Du kennst Berlin ja schon seit langem, vor allem auch als DJ. Kannst du dich noch an deinen ersten Auftritt hier erinnern?

James Lavelle: Oh Mann, das ist so lange her. Ich war in der Nacht vor meinem Auftritt im E-Werk und dann im Tresor.

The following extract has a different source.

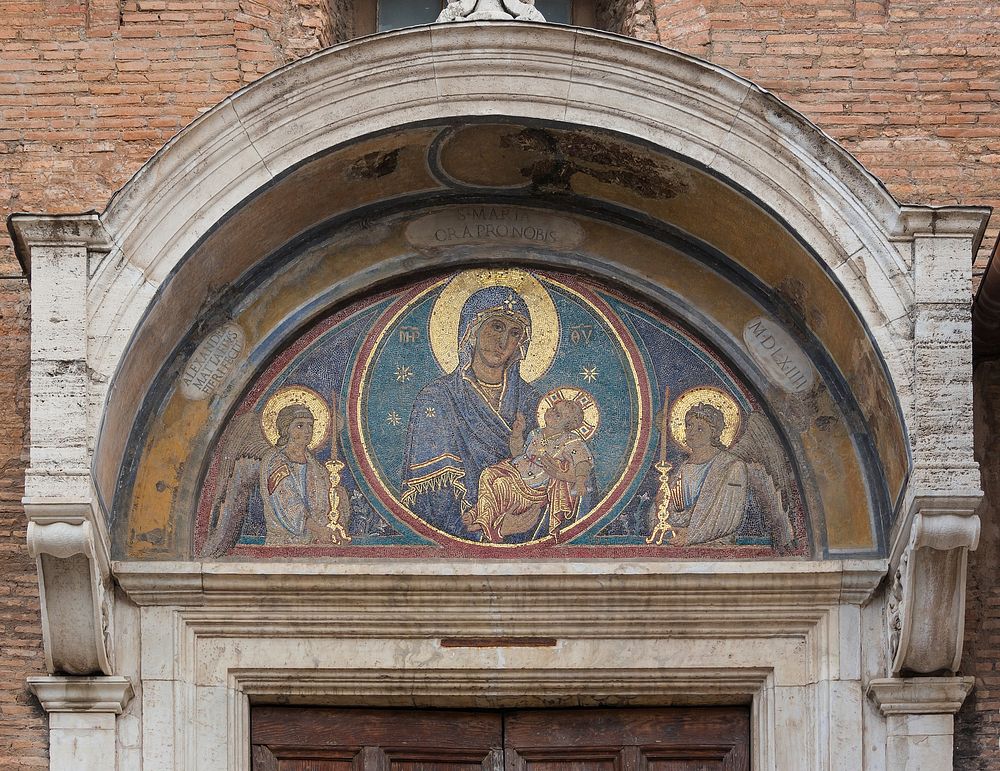 Mosaic of the Madonna with Child, pediment of the side entrance of the church Santa Maria in Aracoeli, Rome, Italy.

Ich hab dann in einem Club gespielt, an dessen Namen ich nicht jetzt nicht mehr erinnern kann. Über die Jahre habe ich in vielen Läden gespielt: im Cookies und im Watergate. In Berlin sind die Nächte hart, ich erinnere mich leider nicht mehr an alles. Als ich das erste mal ins E-Werk gegangen bin war alles ziemlich extrem. Ich glaube es war eine Schwulenparty. Es war das erste Mal, dass ich auf sowas war, ich war ziemlich jung und alles war sehr beeindruckend. Es war zwar kein Schock – aber schon eine bleibende Erfahrung für einen Jungen aus Oxford. Das war ungefähr so wie wie bei meinem ersten Mal in der Soundfactory in New York oder im Pasha in Ibiza. Alle Kulturen kommen eng zusammen und feiern dekadent und verrückt ab.

Du bist ja mittlerweile 36 Jahre alt, wirst du langsam erwachsen oder steckt in dir immer noch der 18-jährige Junge aus Oxford?

James Lavelle: Ich versuche zumindest erwachsen zu werden (lacht). Das ist eines der wichtigsten Themen auch in meiner Musik: dieser Kampf mit dem Altern, dieser Wunsch nicht erwachsen zu werden. Aber ich habe eine 12-jährige Tochter. Es gibt also eine ganz andere Realität in der ich sehr verantwortungsbewusst bin und sein muss. Aber ich denke Jugend ist eine Einstellung, eine Denkweise. Ich fühle mich heute nicht komplett anders als damals als ich angefangen habe. Jetzt habe ich nur mehr Wissen und auch mehr Angst (lacht).

Dein neues Album ist ja sozusagen die Quintessenz von über 20 Jahren als Musiker. Wo steht „Where Did The Night Fall“ in deiner Musikbiographie, was ist anders als bei den anderen UNKLE-Platten?

James Lavelle: Das neue Album ist ein modernes psychedelisches Album. Es gibt viel analoges Keyboard. Es gibt Einflüsse vom Afrobeat bis zu Kraut-Rock. Es groovt mehr und hat mehr weiblichen Gesang. Gleichzeitig ist jeder Song sehr eigenständig.  „Another Night Out“ repräsentiert für mich sehr stark meinen emotionalen Zustand als ich am Album gearbeitet habe. Mit dem Lied lasse ich auch einen Teil meines Lebens zurück. Ich habe einen Großteil meines Lebens in Clubs verbracht und jetzt versuche ich mich langsam mit dem Tag anzufreunden.

(Das Album „Where Did The Night Fall“ ist im Mai 2010 erschienen.)